Have you noticed how many people have written memoirs or are in the midst of writing memoirs? It's awe-inspiring or groan-inducing, depending on how you look at it.
I can't believe that many people had such shitty childhoods and that they feel compelled to write about them, and air all their dirty laundry. I'm feeling rather inadequate about my own normal childhood. Sure we had some problems but nothing to write home about....or a book about for that matter.
I've read a few of these memoirs. Some, I couldn't get through like Don't Let the Dogs Go to Africa (or whatever the title of that book was). Some, I managed to finish like the The Glass Castle. That woman's childhood makes me wonder if her editor was James Frye. Or, how about Dave Eggers' first book about being a Heart-Breaking Genius? I've heard a lot about Mr. Eggers through the years and he may be the greatest writer of our generation but I won't read him because that book bored me to tears. It's like these authors had such horrible things happen to them--beyond their control of course--and yet somehow they managed to become these amazing, giving, wonderful people. Are they blowing smoke up their own ass because no on else will?
And that just produced an image for me that I would like to forget.
This from a girl who adores biography. I guess it's okay if someone else writes about you but when you do it yourself, I tend to wonder. Unless of course you are David Sedaris, and throw in humour and, most likely, quite a bit of exaggeration
I have liked some memoirs, believe it or not. I rather enjoyed Ruth Reichl's books about learning to cook. Although I'll admit that I only read 2 or 3 of them. Enough Ruth! Julia Child you are not. Now, that's a memoir that I loved: My Life in France.
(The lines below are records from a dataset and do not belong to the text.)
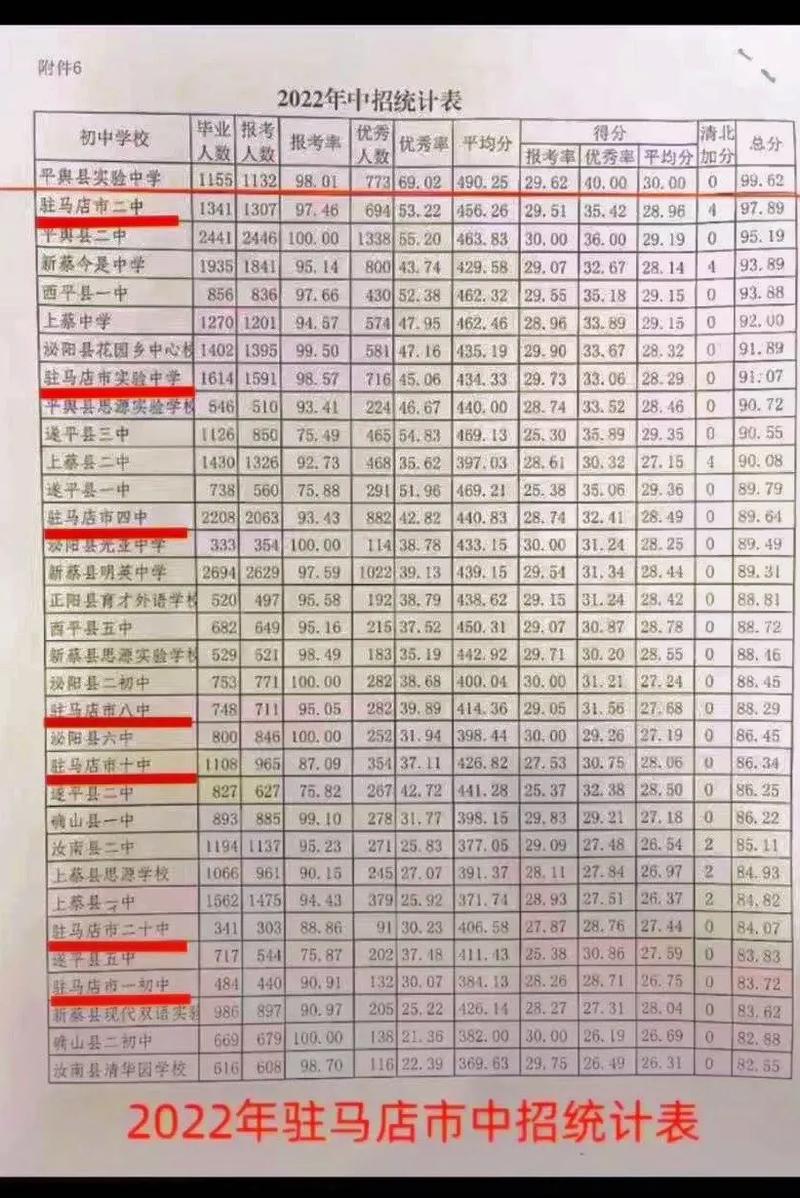 鄱阳小升初录取分数线是多少？-图3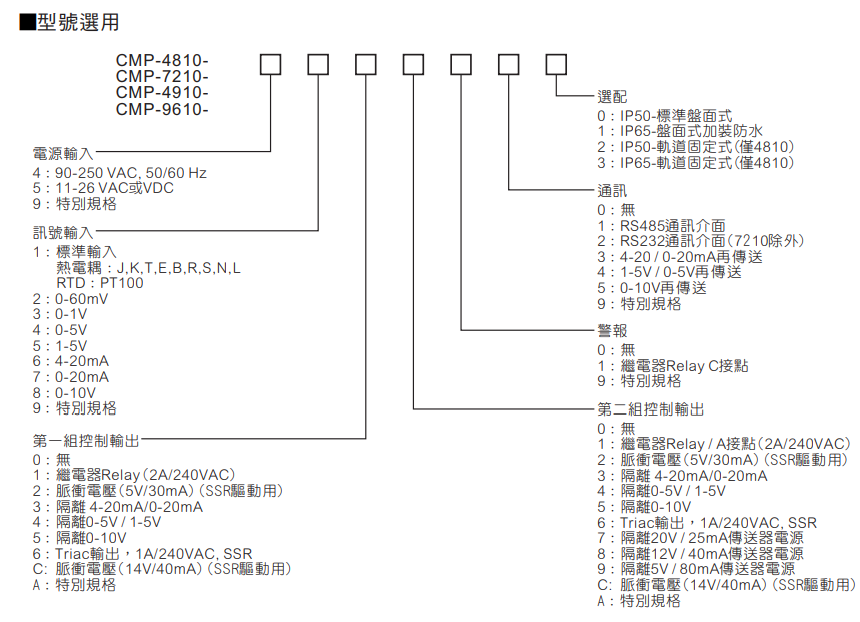 選型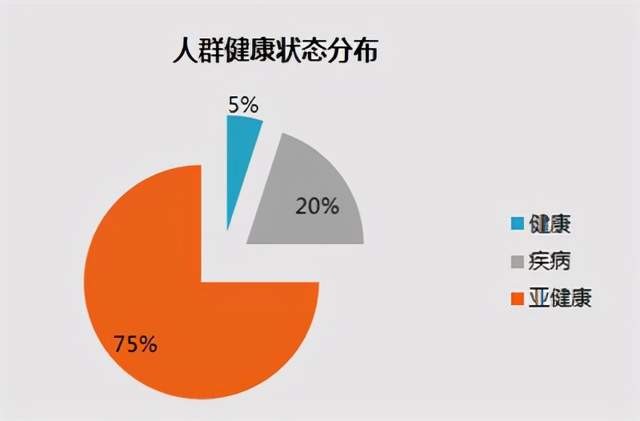 千亿大健康产业爆发新的增长点已形成食疗行业或成领跑者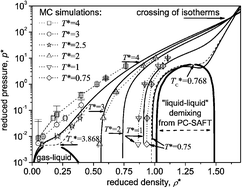 Graphical abstract: Artificial multiple criticality and phase equilibria: an investigation of the PC-SAFT approach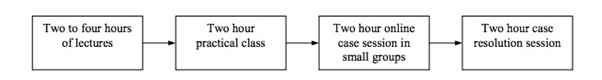 Blended learning sequence involving online learning resources, Marcus, Taylor and Ellis, 2004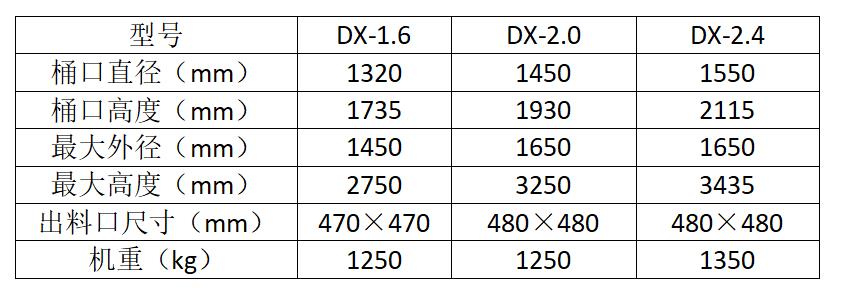 底卸式吊桶 底卸式吊桶.jpg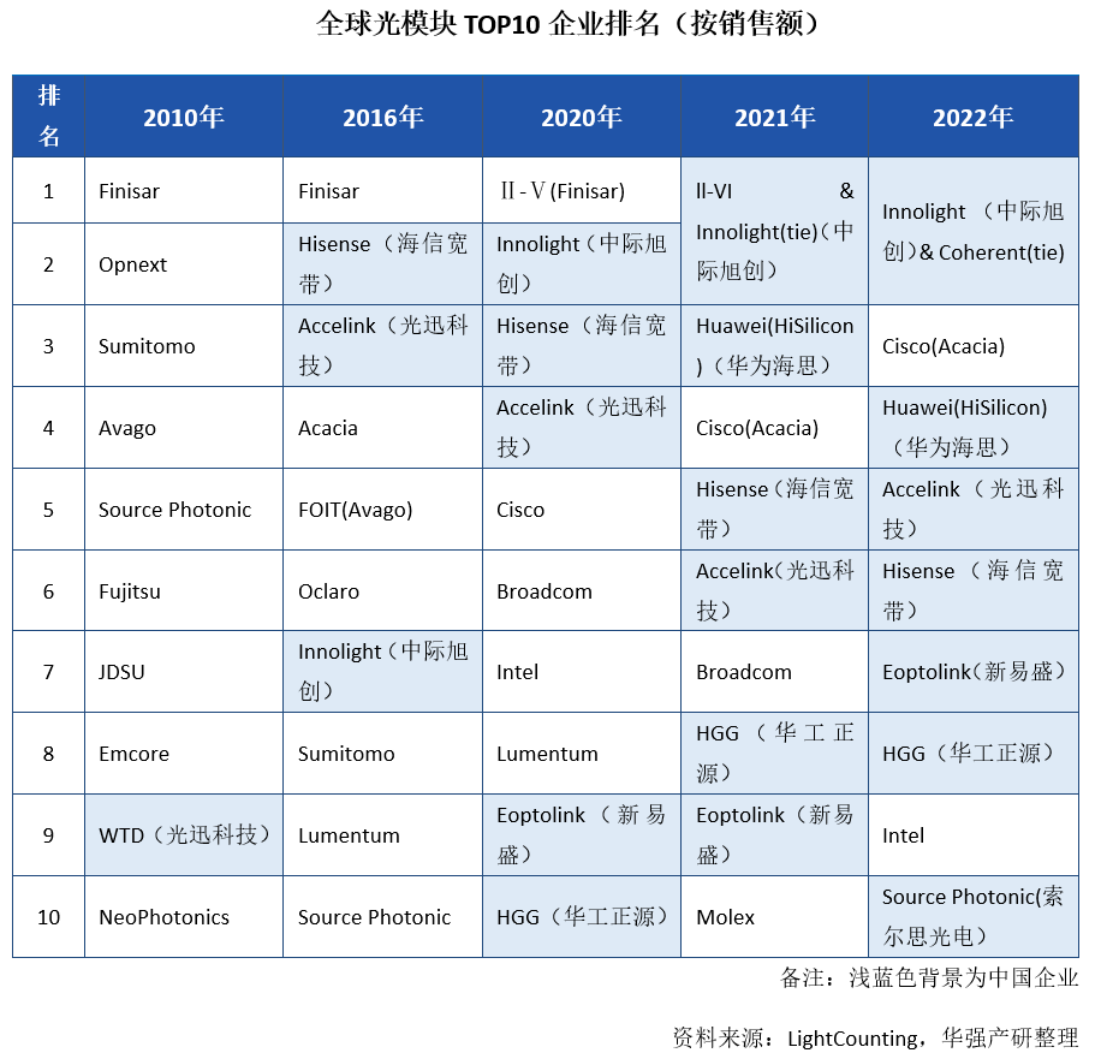 沸腾，1900亿元科技龙头，新高！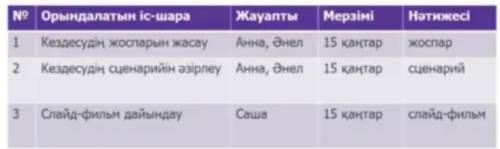 Айтылым.Жазылым. Матінге сүйеніп, әртіспен кездесудің жоспарынкесте түрінде жаз.IF I орындалатын іс-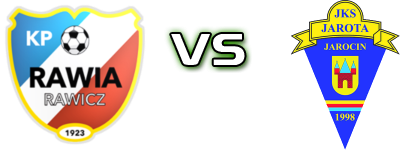 Rawia Rawicz - Jarota Jarocin detalji utakmice i statistika Rawia Rawicz - Jarota Jarocin detalji utakmice i statistika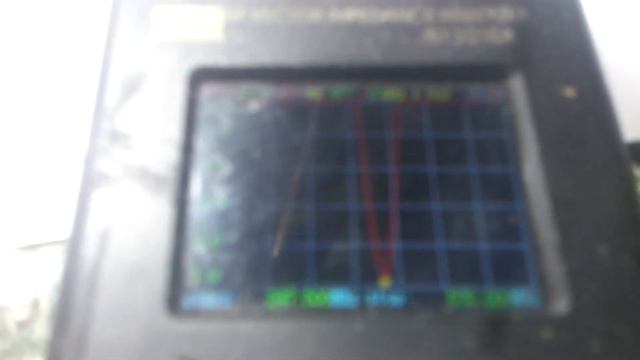 антенна 5/8 для 70 см 433 433 500 репетиторов смотреть онлайн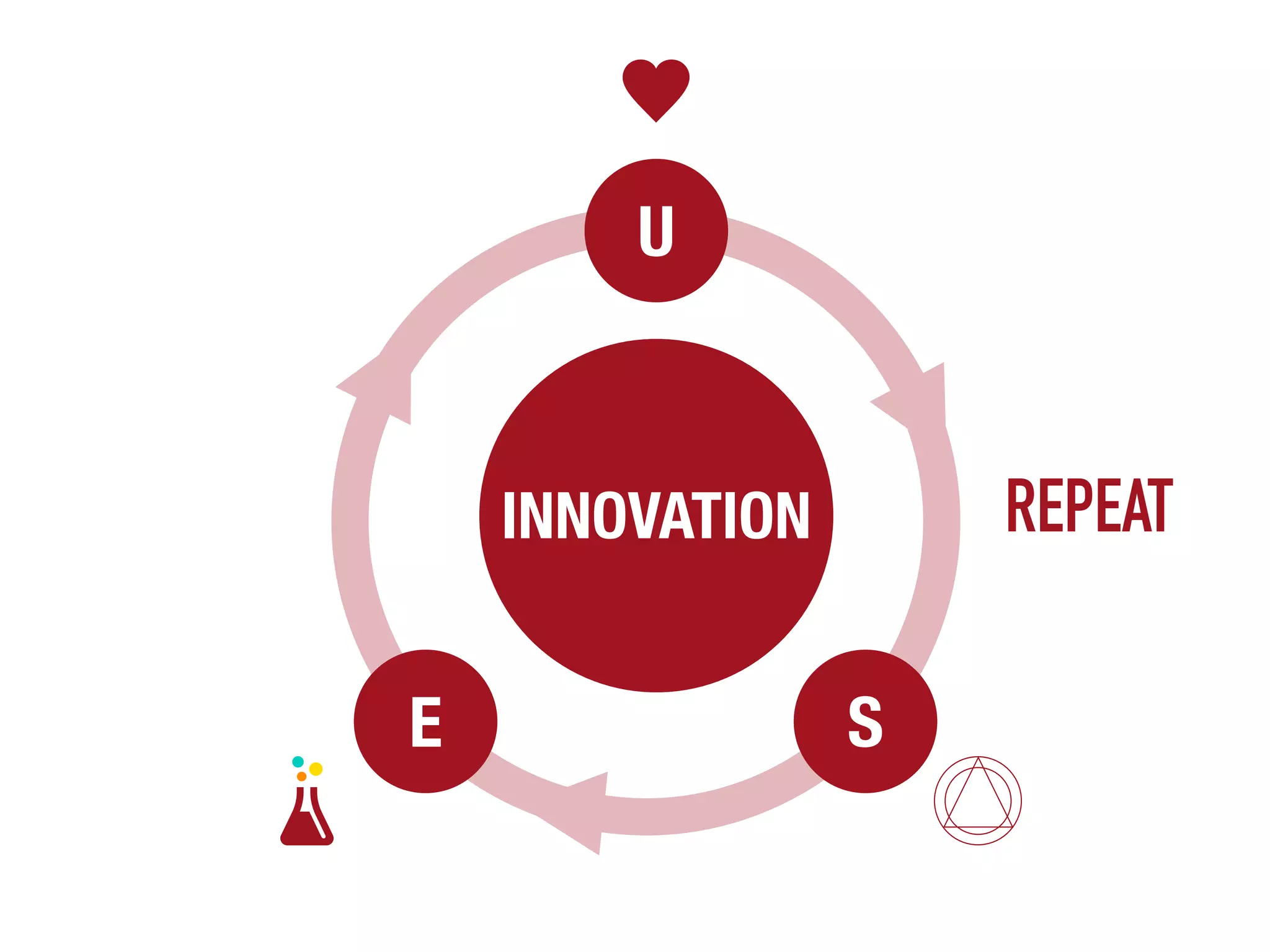 S EINNOVATION
U
SE
REPEAT
 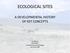 ECOLOGICAL SITES A DEVELOPMENTAL HISTORY OF KEY CONCEPTS. Joel Brown USDA NRCS Jornada Experimental Range Las Cruces NM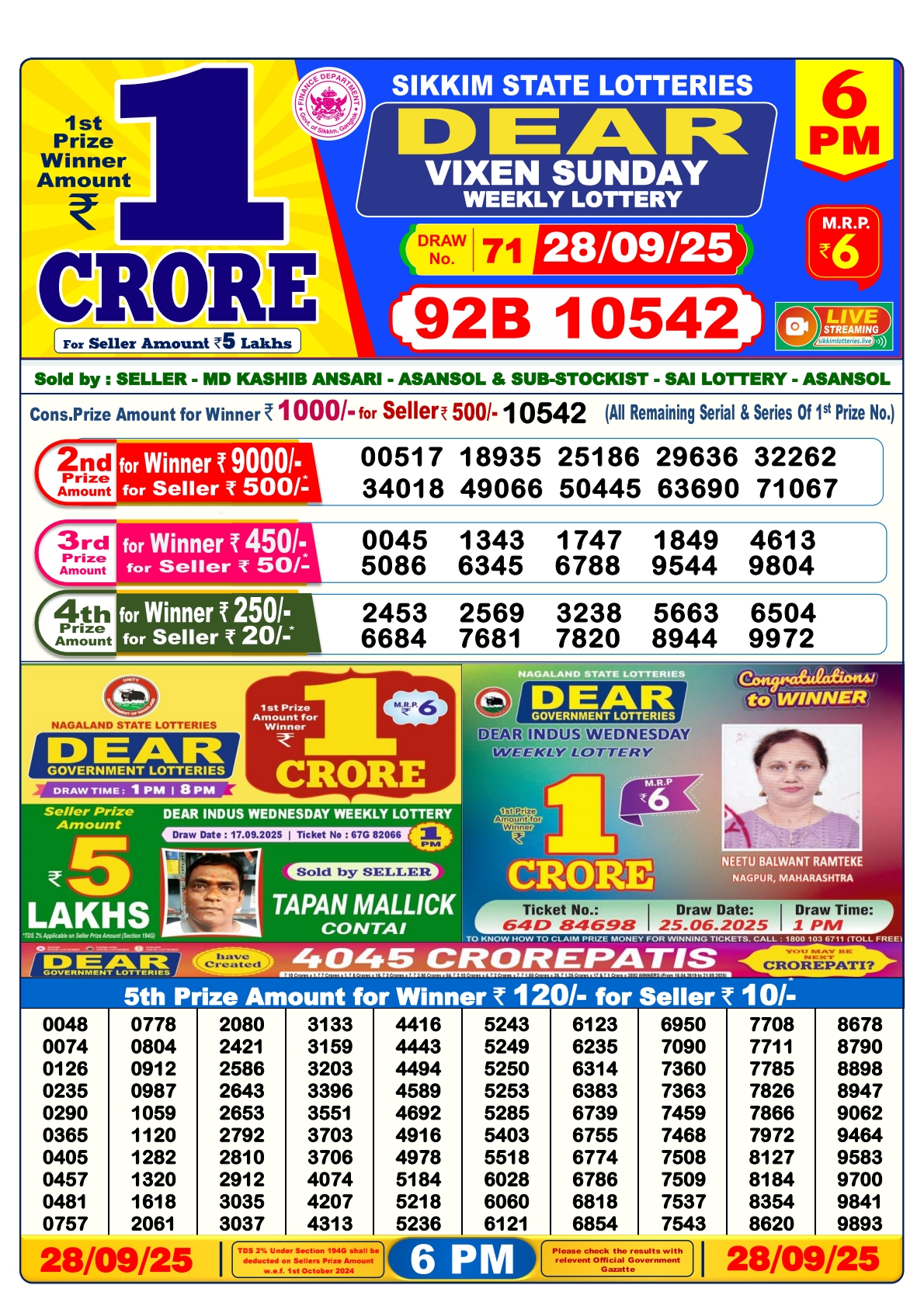 लाटरी सम्बाद टुडे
Dude, it's Julia; how do you not want to read it? But now, of course, everyone who has ever stepped foot into a kitchen is writing a memoir. When you do what Julia Child did, I will read your book.
And, before you even mention it, No! I did not read the Julie and Julia book. This woman opens up a cookbook, follows some recipes, and people pay her tons of money. Okay, I'll admit that maybe I'm a tad jealous that she got paid for making dinner.
I do like actors' memoirs like Sir Alec Guinness' My Name Escapes Me. I saw him on stage once. He was doing a play in London with Edward Herrmann (of The Lost Boys). It was Lee Blessings' A Walk in The Woods. It's a great play and I can attest to it because I saw it years later with regular actors in it and it was still good. Anyway, after the show (in London) we waited by the stagedoor for the actors to come out. It was a small crowd of only a few Americans. Londoners don't do this, I guess. Anyway, Edward Herrmann came out and chatted with us and walked on. Then, And Then....Sir Alec came out. Everyone gasped and took a step back and stared dumbfounded. He shrugged, put his cigar in his mouth, and moseyed on down the street. The stage manager popped out, looked at us, and said, "You have to actually talk to him if you want an autograph." Several in the crowd ran down the street after Sir Alec. When I told my mom this story she sighed and said, "Oh, he was smoking, I don't like to hear that."
I cannot make this stuff up. I'll have to put it in my memoir: "Confessions of a Lady Curmudgeon" or "Who Took my Cocktail" or "From Vermont to Philly to Stoli" or "Stage Manage This." These are just a few title ideas I'm throwing around. Don't worry, I'll get Mr. Sedaris AND Mr. Frye to edit it.